§ SOURCE DATA
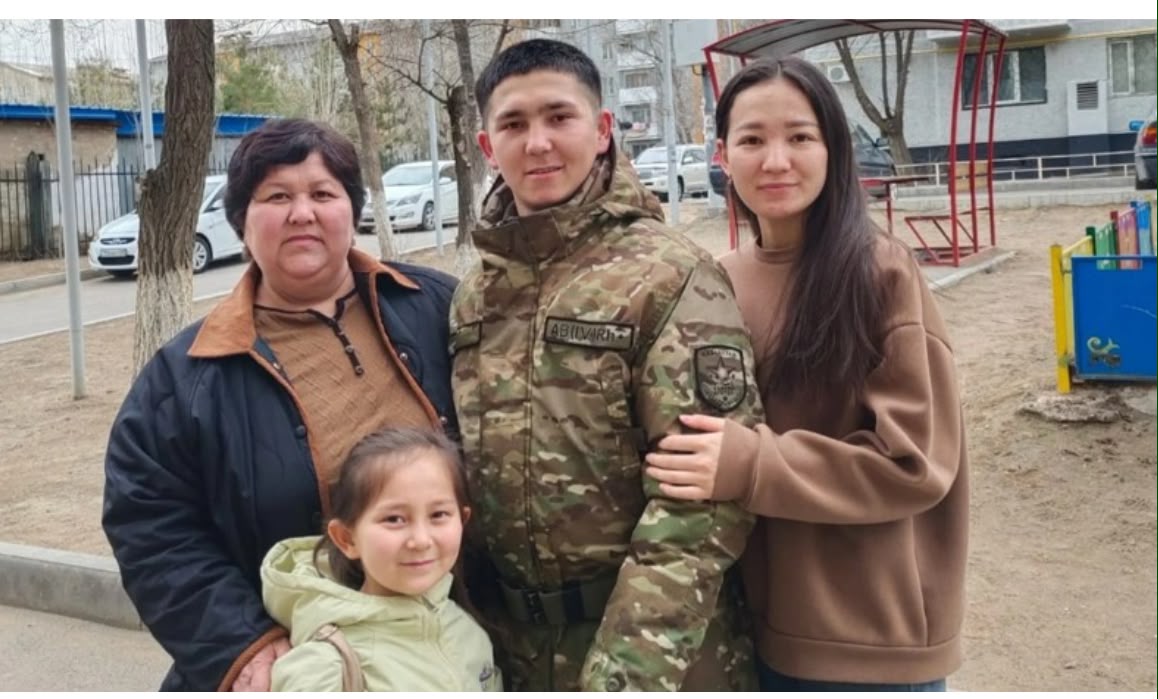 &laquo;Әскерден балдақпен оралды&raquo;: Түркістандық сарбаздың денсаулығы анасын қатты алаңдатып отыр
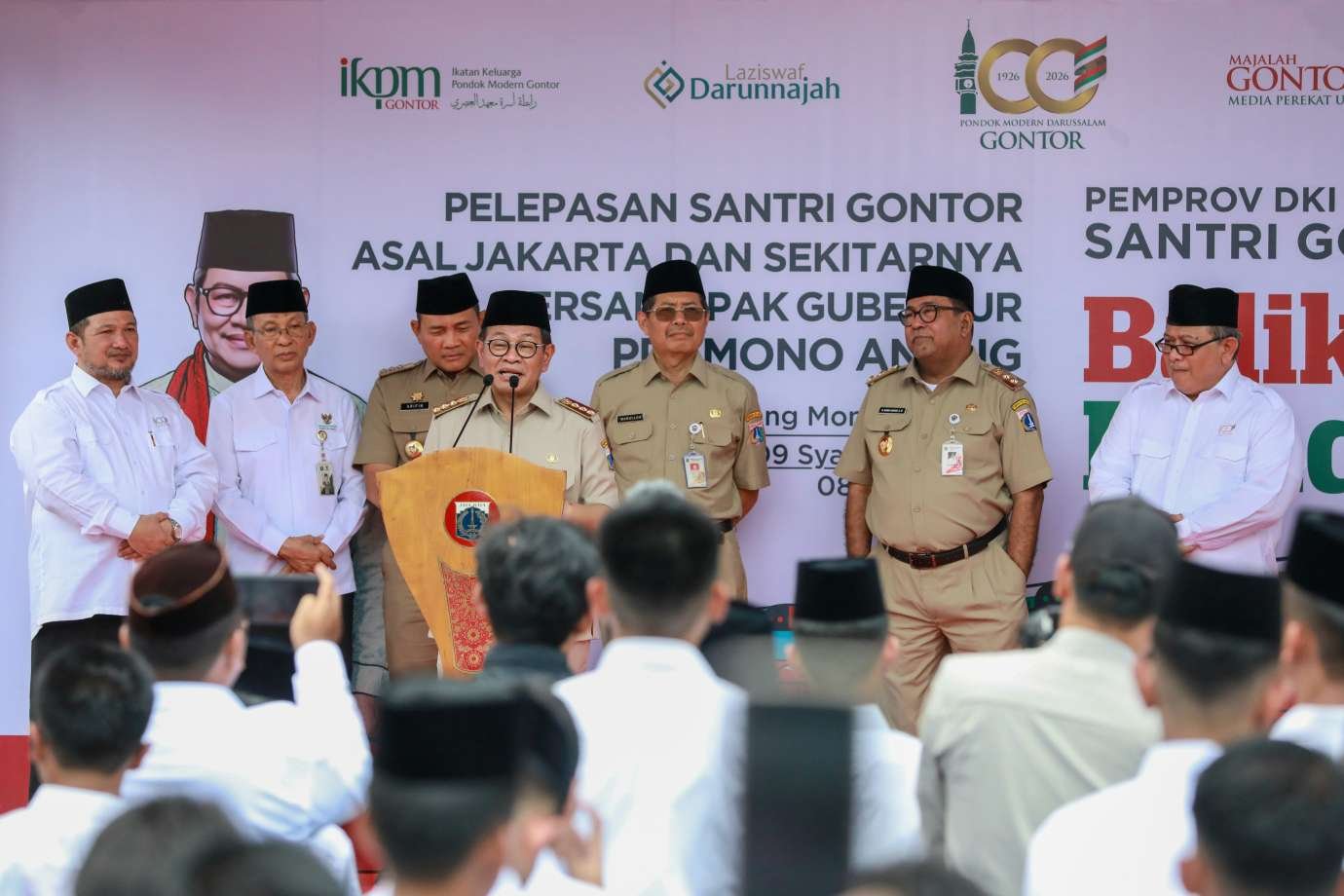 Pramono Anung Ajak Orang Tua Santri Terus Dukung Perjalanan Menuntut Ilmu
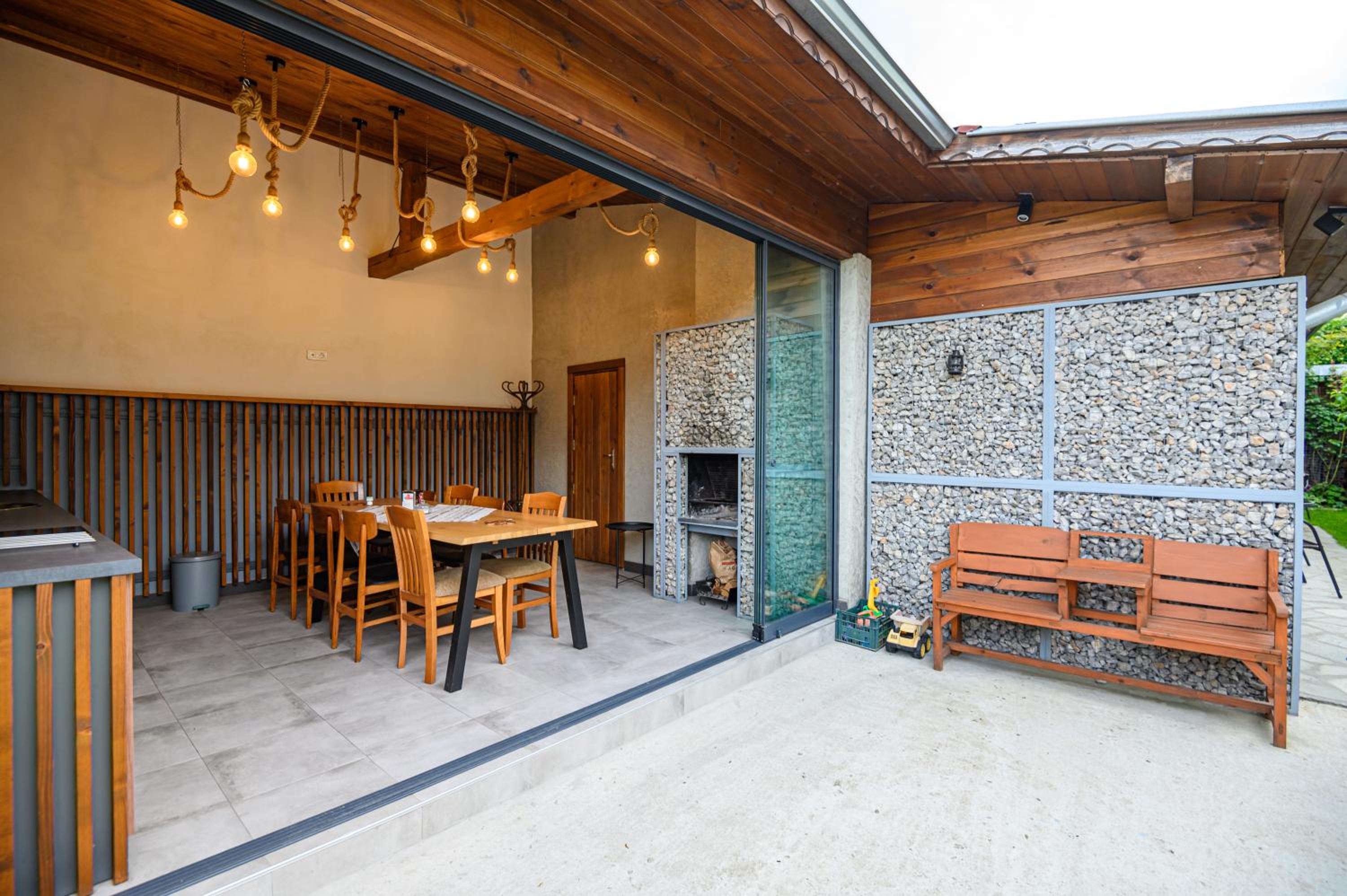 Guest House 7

§ PROBLEM TO WORK ON
After locating the line with "Pramono Anung Ajak" in the listing above, transcribe it and every line after it to the last, exactly, with no pictures.

§ SOLVED EXERCISE
 Pramono Anung Ajak Orang Tua Santri Terus Dukung Perjalanan Menuntut Ilmu
 Guest House 7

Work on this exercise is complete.